Page:Daudet – Les Rois en exil – Éditons Lemerre.djvu/422

Le texte de cette page a été corrigé et est conforme au fac-similé.

Oh ! quelle émotion, lorsque la petite porte de l’avenue tourna dans ses lierres et que Méraut se retrouva à cette place du jardin où sa vie restait foudroyée !

— Attendez-moi, dit le conseiller tout tremblant, je viendrai vous prévenir quand les domestiques seront à table… De cette façon vous ne rencontrerez personne dans l’escalier…

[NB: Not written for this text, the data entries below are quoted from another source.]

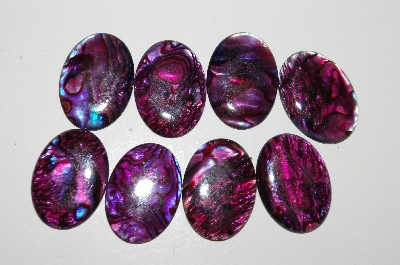 +MBA #S25-062   "Purple Lot Of 8 Paua Shell Cabochons"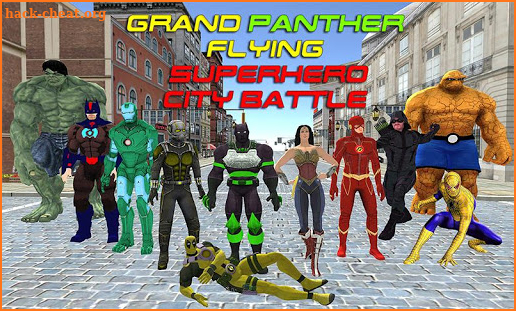 Grand Panther Flying Superhero City Battle screenshot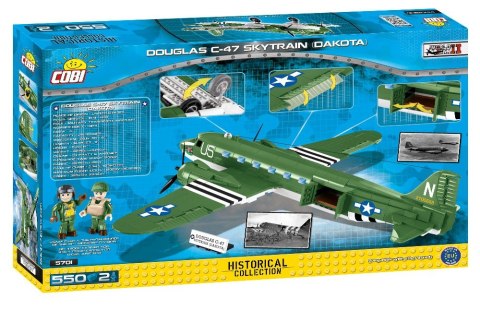 Klocki Historical Collection Douglas C-47 Skytrain (Dakota) D-Day Cobi Klocki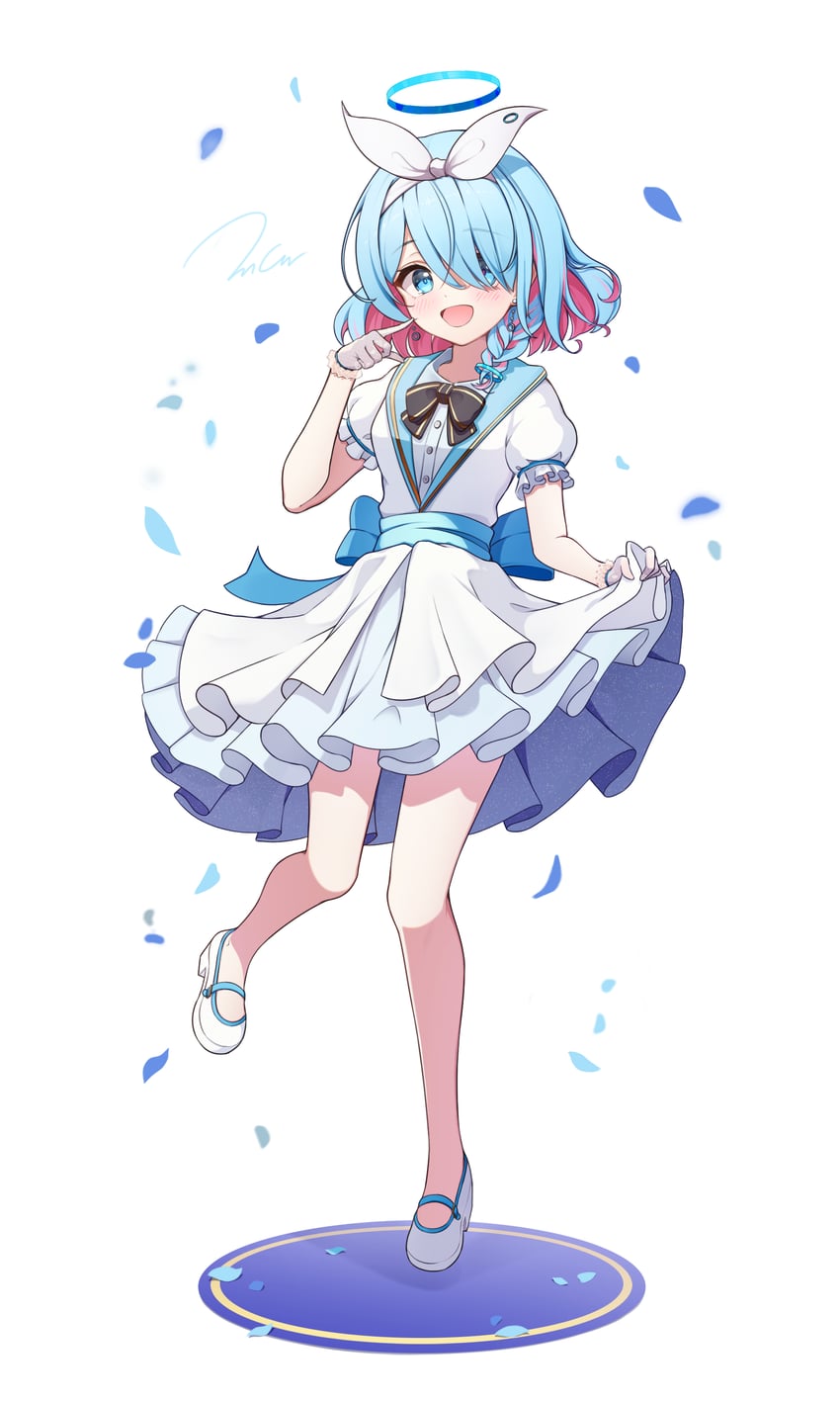 arona (blue archive) drawn by gyeou_lee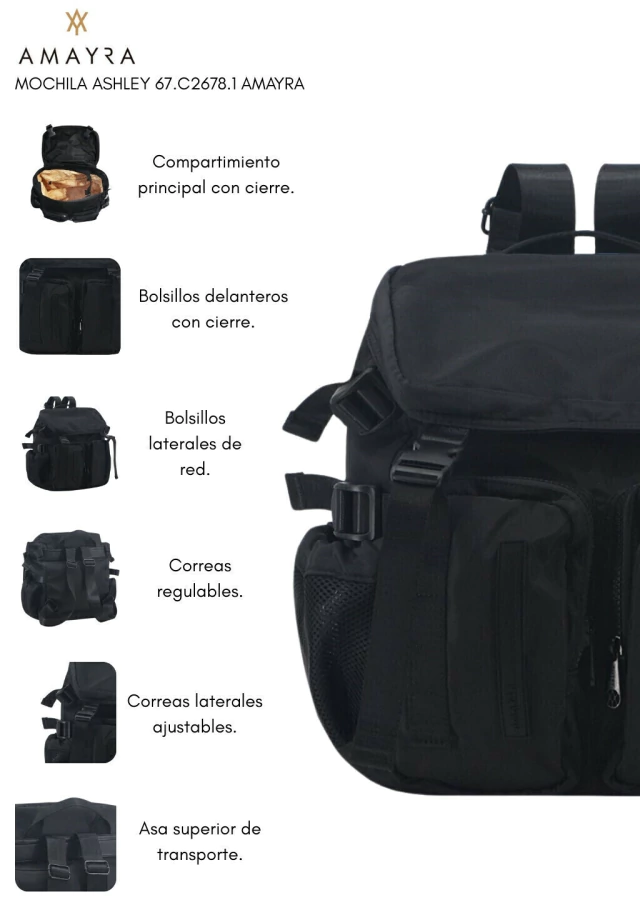 Mochila ashley amayra de Bashop — imagen 5
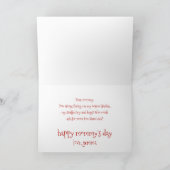 Eerste Moederdag foto van Baby Kaart (Binnen)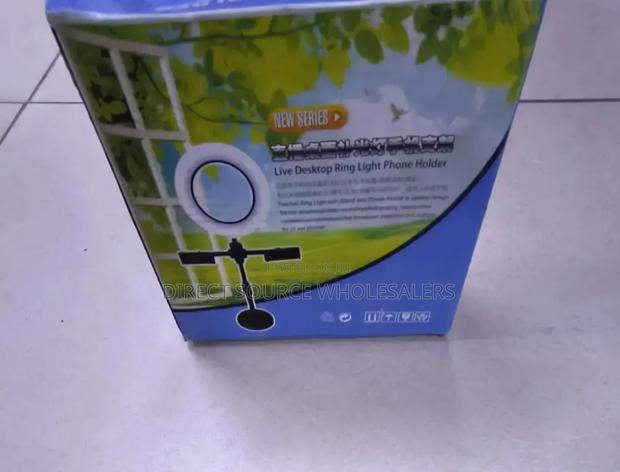 Live Desktop Ring Light With Phone Holder Adjustable Stand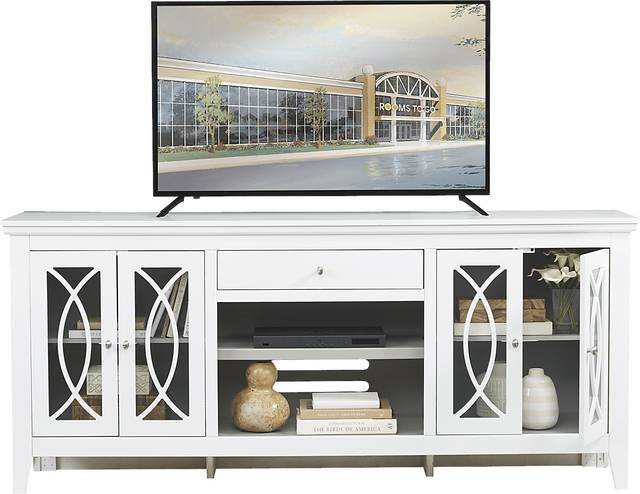 Abbie White 80 in. Console - Thumbnail - Image 2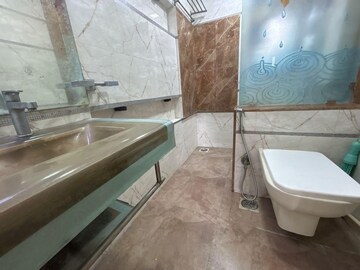Bathroom in 3 BHK Apartment at Chaitanya Tower, Prabhadevi – for Rent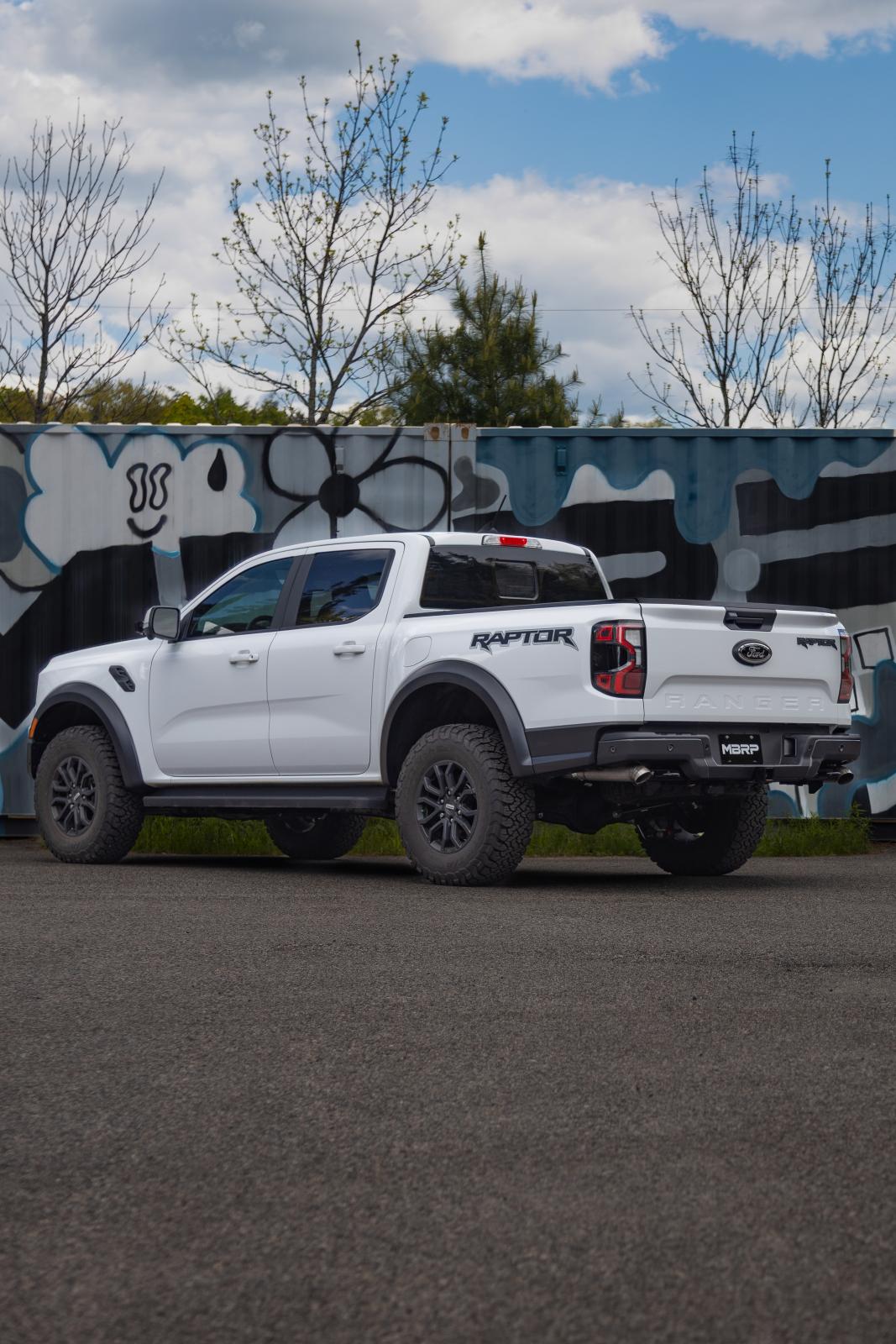 24-Present Ford Ranger Raptor 3.0L EcoBoost, Armor Pro 3-Inch Axle-Back Dual Rear Turn-Down MBRP-9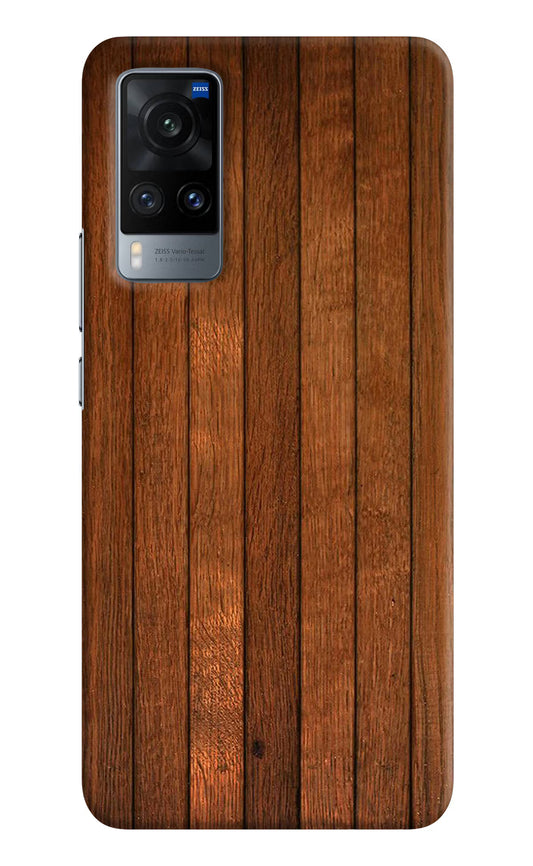 Wooden Artwork Bands Vivo X60 Hard Case Back Cover by Casekaro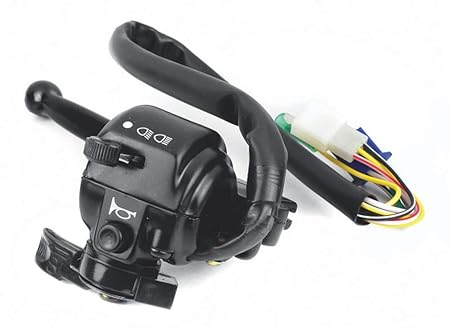 Uno Minda SW-0655L HANDLE BAR SWITCH- LEVER ASSEMBLY - LEFT SIDE - KICK START For-TVS-XL SUPER 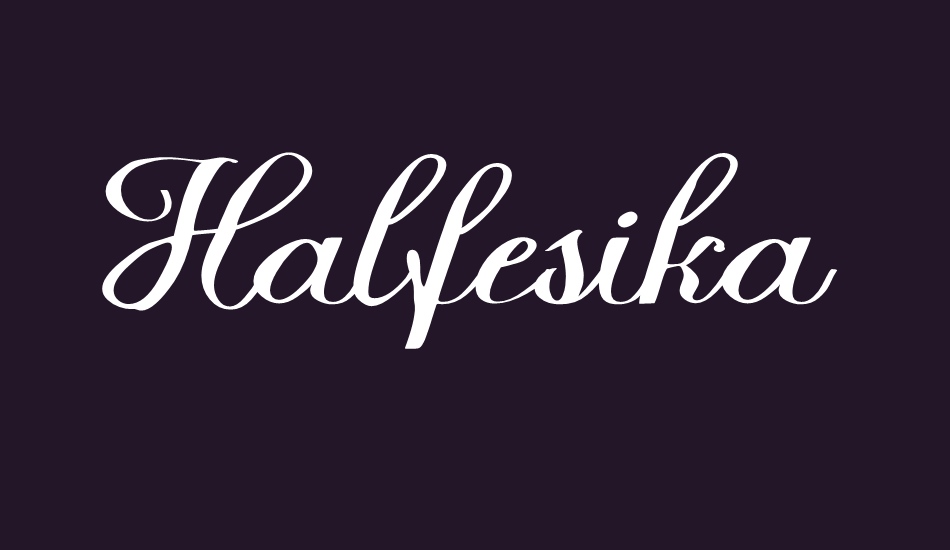 Halfesika Script font big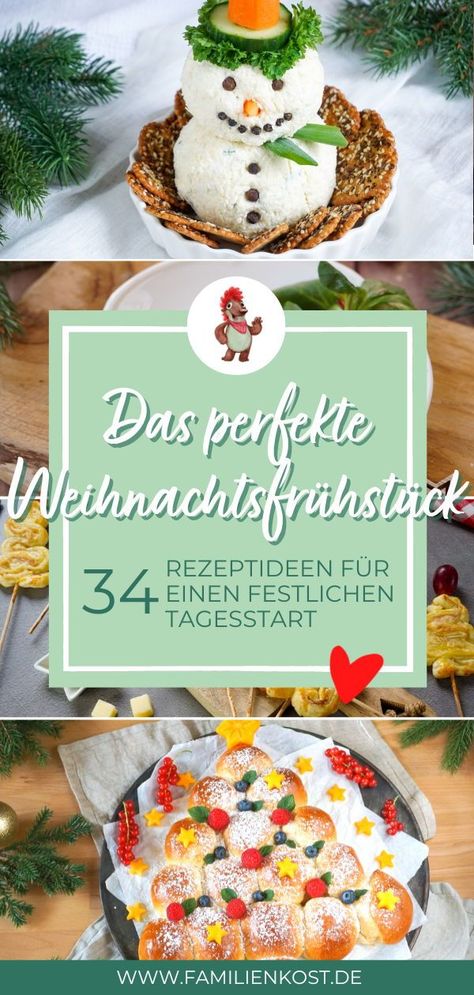 In dieser Rezeptsammlung findest du Inspirationen und Ideen rund um das Thema Weihnachtsfrühstück. Familienkost.de, Weihnachtsfrühstück Ideen, Weihnachtsfrühstück Rezepte, Weihnachtsbrunch, Weihnachtsbrunch Ideen, Weihnachtsbrunch Rezepte, Weihnachtsbrunch vegetarisch, Weihnachtsbrunch vegan, Weihnachtsbrunch süß, Weihnachtsbrunch Ideen herzhaft Christmas Themed Breakfast, Christmas Crunch Rezept, Winter Brunch, Christmas Brunch, Breakfast Brunch, Advent, Kindergarten, Snacks, Christmas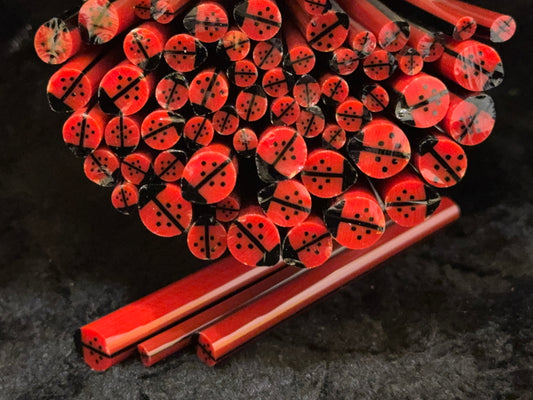 Ladybugs (Multi-size), 1oz, COE 96 Murrini Millefiori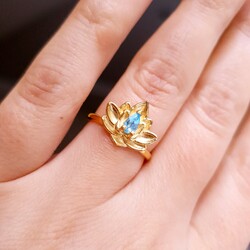 Mini Lotus Yüzük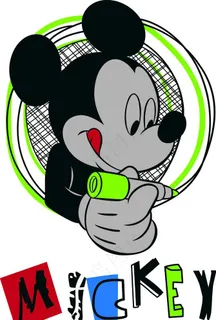 圆圈米奇画画图片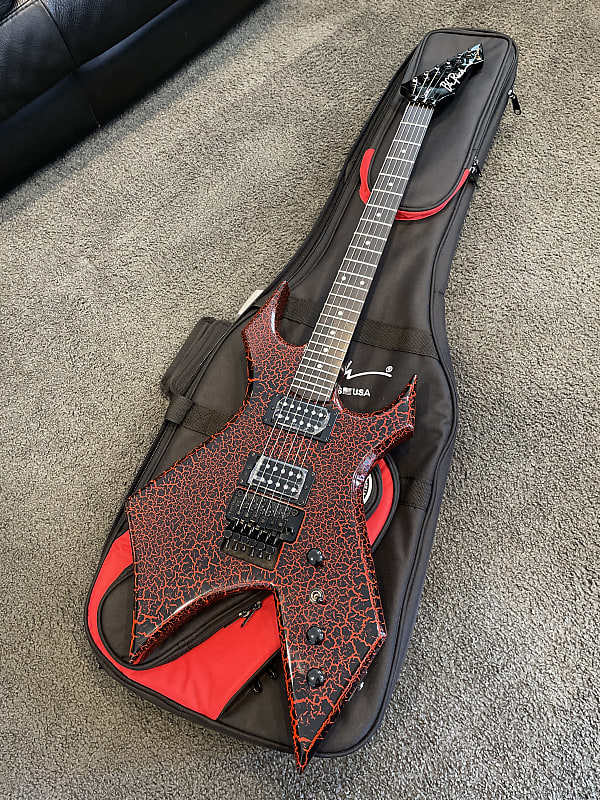 B.C. Rich Stranger Things Warlock 2022 Red Crackle #299 of | Reverb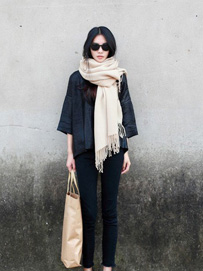 围巾的各种围法及服装搭配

On n’était plus revenu vers le tir depuis la journée fatale. Dans les bordures écrasées, dans le sable piétiné par des courses folles, la scène se mouvementait encore. Les mêmes cartons mouchetés pendaient aux palissades, l’eau coulait du bassin comme une source de larmes jaillissantes, grises sous l’heure triste du crépuscule, et il semblait à Élisée entendre la voix de la reine sanglotante aussi, et ce « va-t’en… va-t’en… » qui lui donnait à l’écouter en souvenir la sensation d’une blessure et d’une caresse. Boscovich revenu, ils se glissèrent le long des massifs jusqu’à la maison. Dans la galerie vitrée ouvrant sur le jardin, qui servait de salle d’étude, les livres rangés sur la table, les chaises du maître et de l’élève préparées, attendaient la leçon prochaine avec l’inertie cruelle des choses. C’était poignant ainsi que le silence des endroits où l’enfant manque, chantonnant, courant, traçant dix fois par jour son orbe étroit en rires et en chansons.